== Assignment ==
Set every record down verbatim and omit the pictures.

(Beginning of Study material)

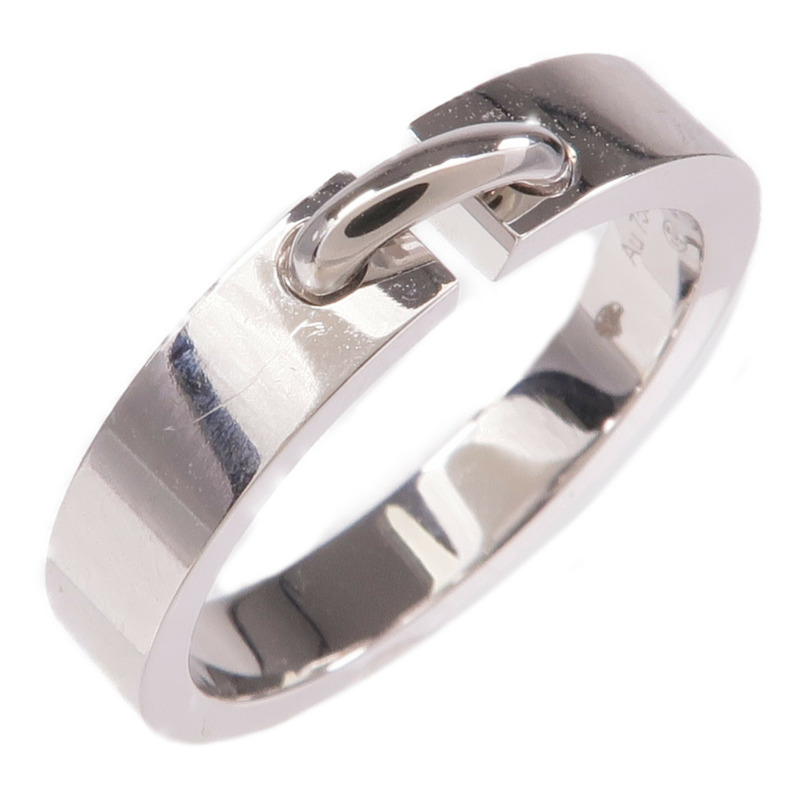 Chaumet 18K白金Liens Evidence戒指Chaumet#52/US#6-0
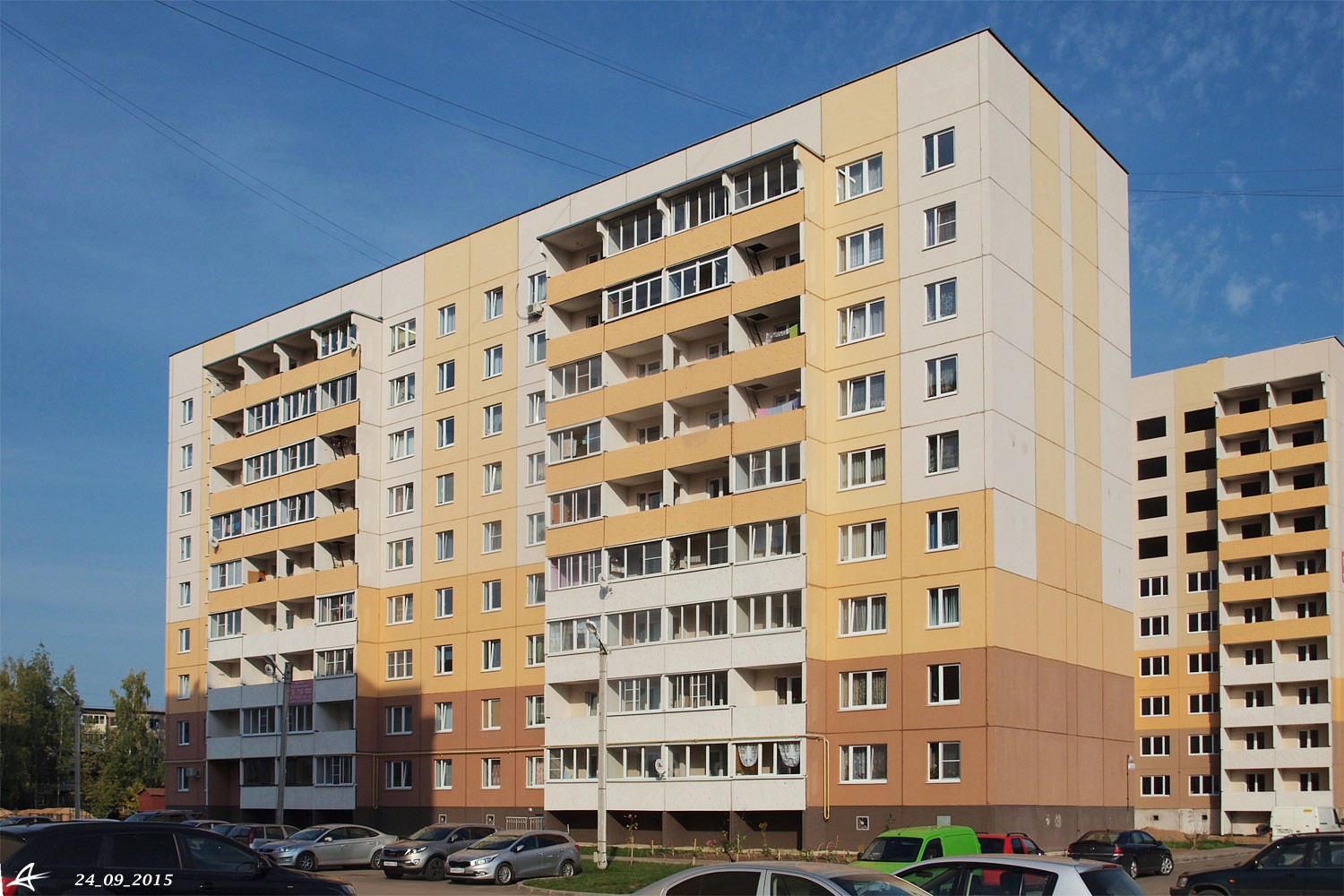 Великие Луки, Переулок Пескарёва, 3 корп. 2
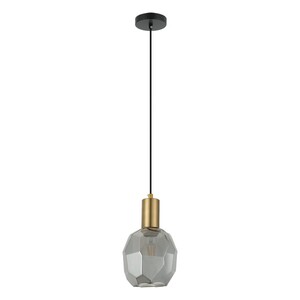 Forma Viseća lampa F7039-1V BK+SM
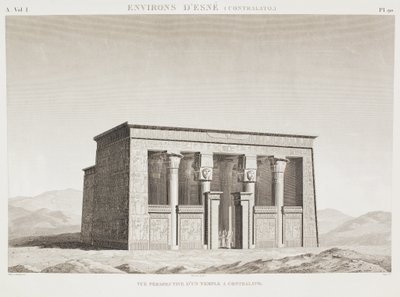 الكتاب: وصف مصر بواسطة غير معروف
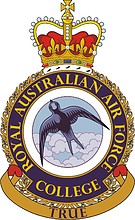 Royal Australian Air Force College (RAAF College, RAAFCOL), badge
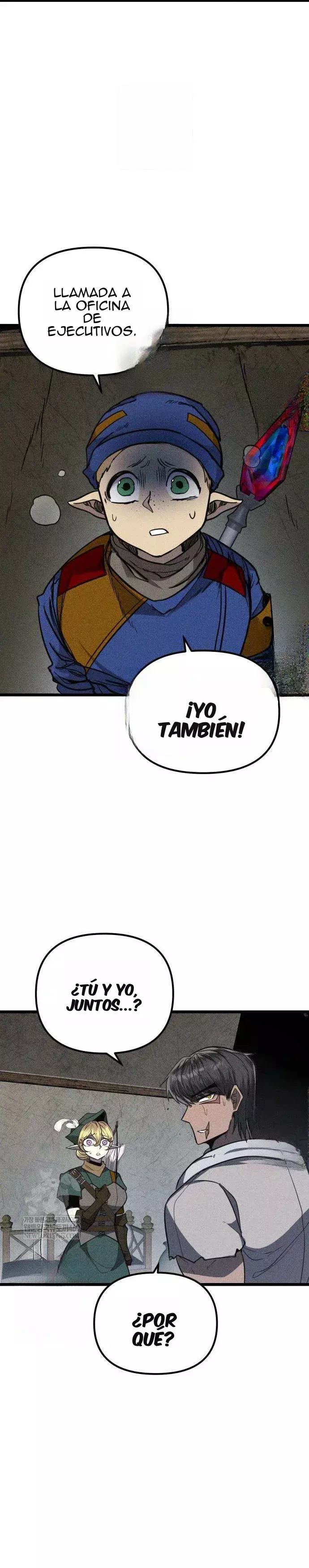 Alistamiento Mercenario capítulo 3 página 58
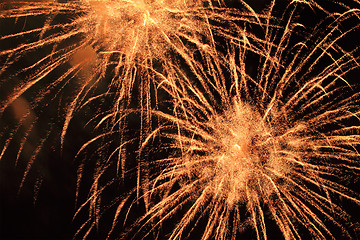 Image showing fireworks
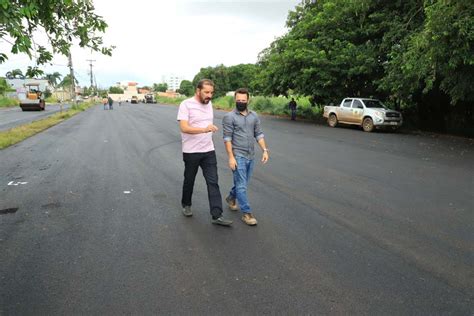 Prefeito Hildon Chaves afirma fechar 2021 mais de 100 quilômetros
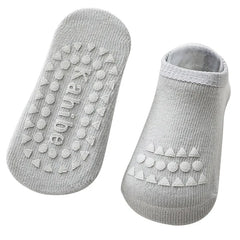 Ensemble de chaussettes et genouillères pour bébé, pour filles et garçons, couleur unie, antidérapantes, sécurité pour enfants rampantes, protection des jambes et des genoux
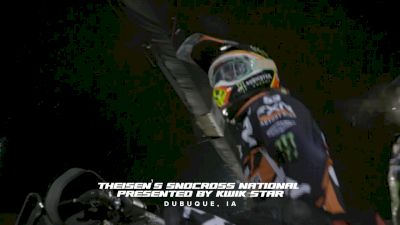 Snocross Racing In Dubuque = Gnarly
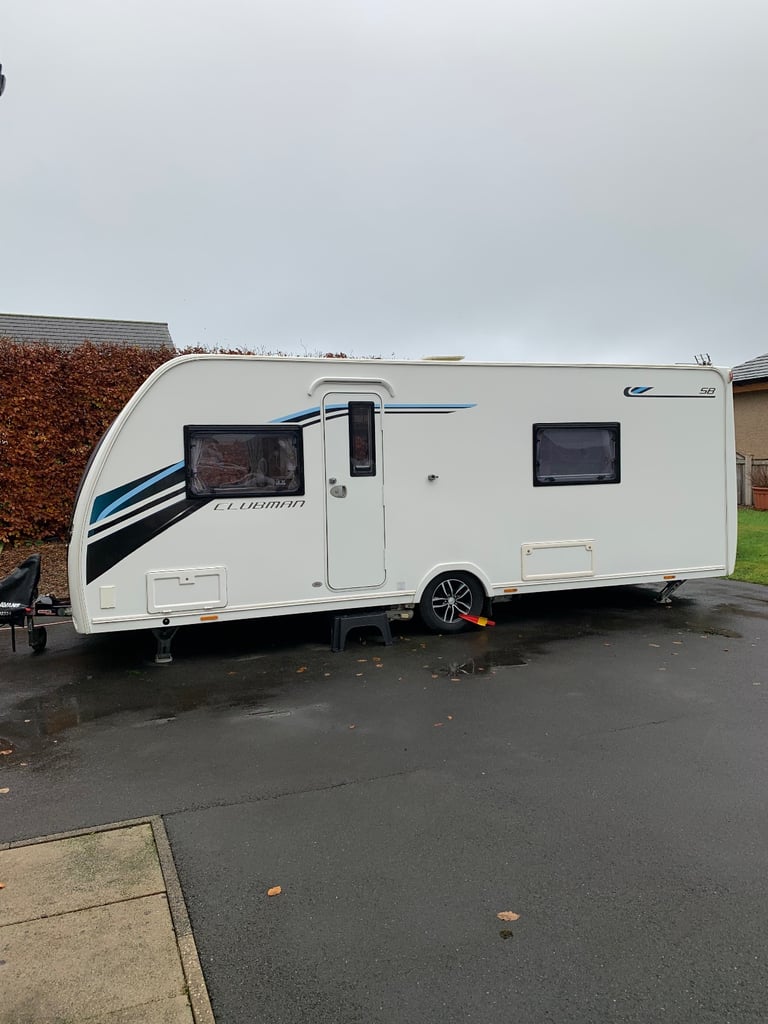 Lunar Clubman SB 2017 with motor mover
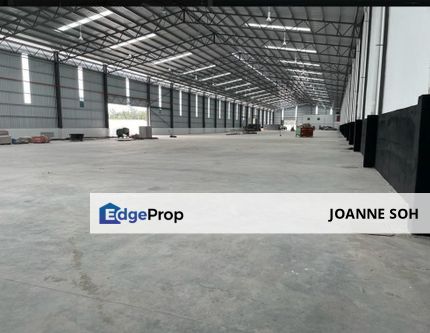 Warehouse newly build with ccc at jenjarom for sale , Selangor, Jenjarom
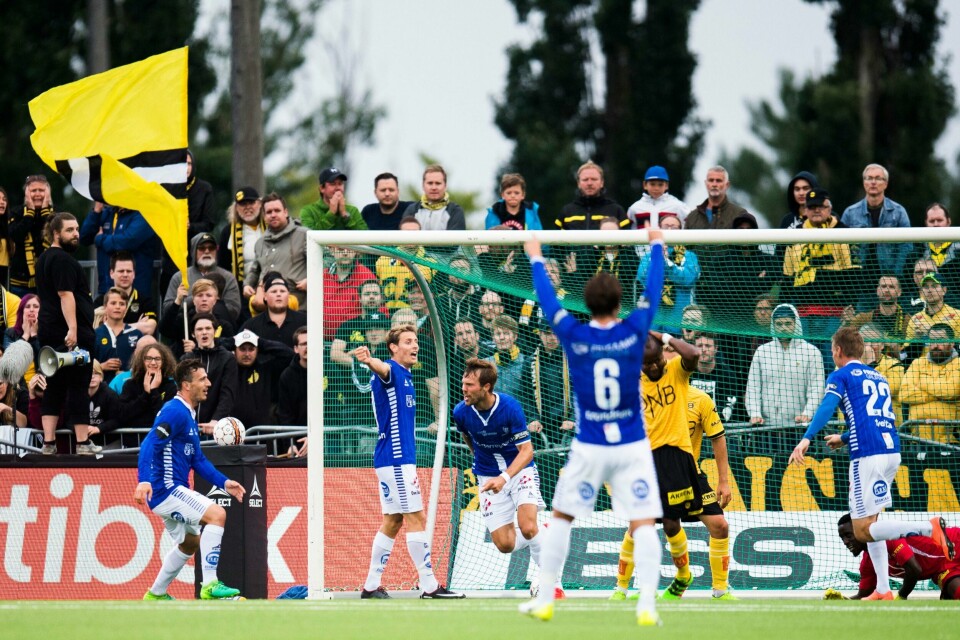 UAVGJORT: Sarpsborg 08 spilte mot Lillestrøm i sommer. Kampen endte uavgjort 3-3. Den var en del av eliteserien.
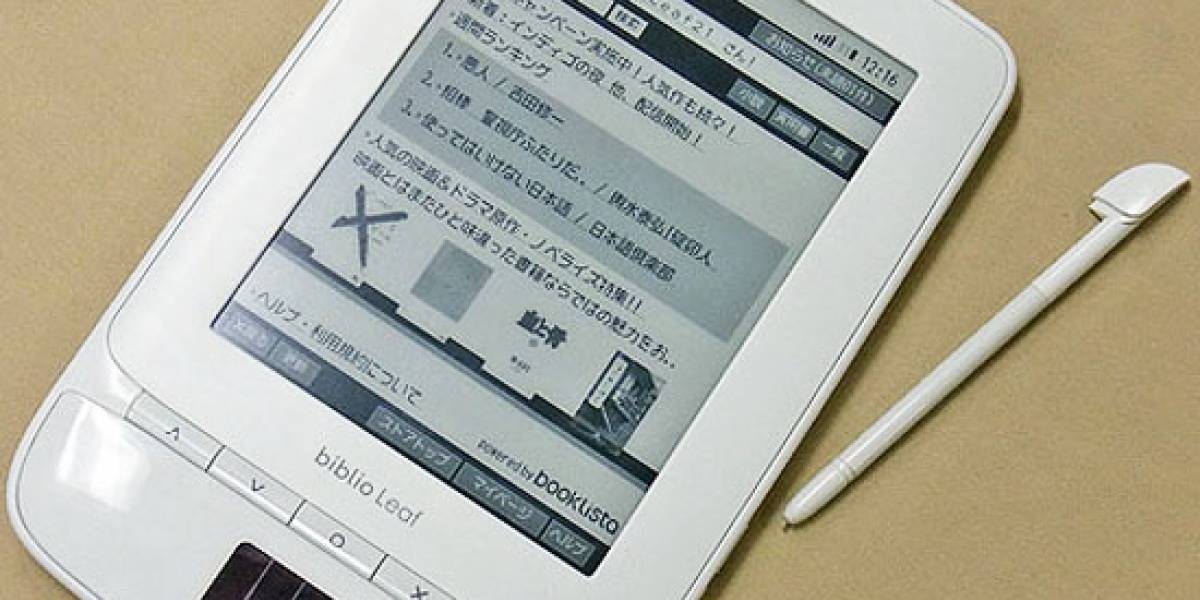 Toshiba lanza el primer e-reader solar y verá el sol la próxima semana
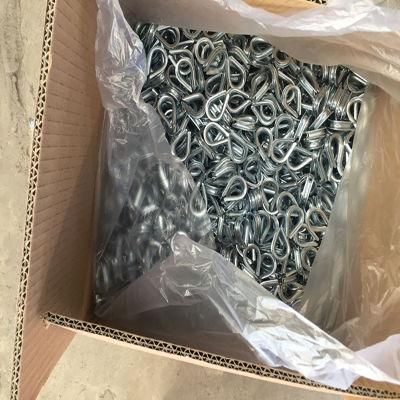 DIN6899b European Thimble for Wire Rope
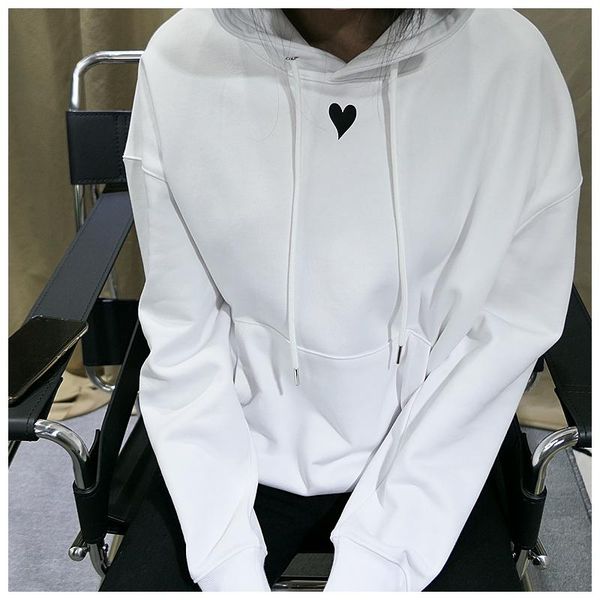 men's hoodies & sweatshirts 1:1 simple small love printed loose hoodie men and women street leisure style fashion couple cotton, Black
men's hoodies & sweatshirts 1:1 simple small love printed loose hoodie men and women street leisure style fashion couple cotton, Black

(End of Study material)

== Task result ==
 Chaumet 18K白金Liens Evidence戒指Chaumet#52/US#6-0
 Великие Луки, Переулок Пескарёва, 3 корп. 2
 Forma Viseća lampa F7039-1V BK+SM
 الكتاب: وصف مصر بواسطة غير معروف
 Royal Australian Air Force College (RAAF College, RAAFCOL), badge
 Alistamiento Mercenario capítulo 3 página 58
 Image showing fireworks
 Prefeito Hildon Chaves afirma fechar 2021 mais de 100 quilômetros
 Ensemble de chaussettes et genouillères pour bébé, pour filles et garçons, couleur unie, antidérapantes, sécurité pour enfants rampantes, protection des jambes et des genoux
 Snocross Racing In Dubuque = Gnarly
 Lunar Clubman SB 2017 with motor mover
 Warehouse newly build with ccc at jenjarom for sale , Selangor, Jenjarom
 UAVGJORT: Sarpsborg 08 spilte mot Lillestrøm i sommer. Kampen endte uavgjort 3-3. Den var en del av eliteserien.
 Toshiba lanza el primer e-reader solar y verá el sol la próxima semana
 DIN6899b European Thimble for Wire Rope
 men's hoodies & sweatshirts 1:1 simple small love printed loose hoodie men and women street leisure style fashion couple cotton, Black
men's hoodies & sweatshirts 1:1 simple small love printed loose hoodie men and women street leisure style fashion couple cotton, Black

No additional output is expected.